Supplied material:
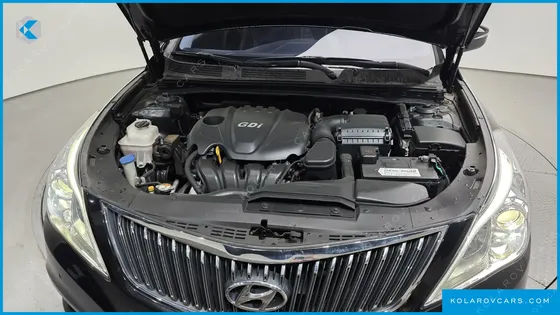 HYUNDAI GRANDEUR HG240 MODERN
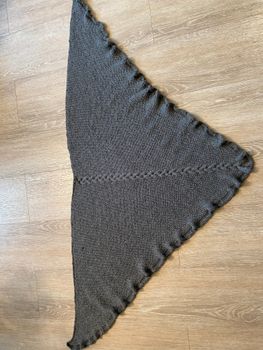 Trekant sjal med flette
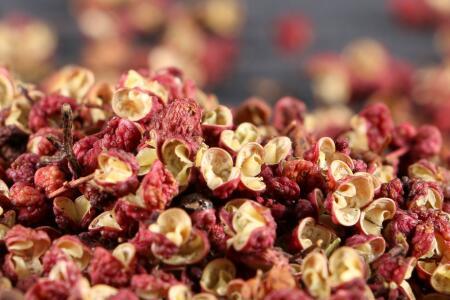 花椒桂圆艾绒敷肚脐有什么作用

Problem details: Output the data above in full. Skip every picture.

Task solution:
 HYUNDAI GRANDEUR HG240 MODERN
 Trekant sjal med flette
 花椒桂圆艾绒敷肚脐有什么作用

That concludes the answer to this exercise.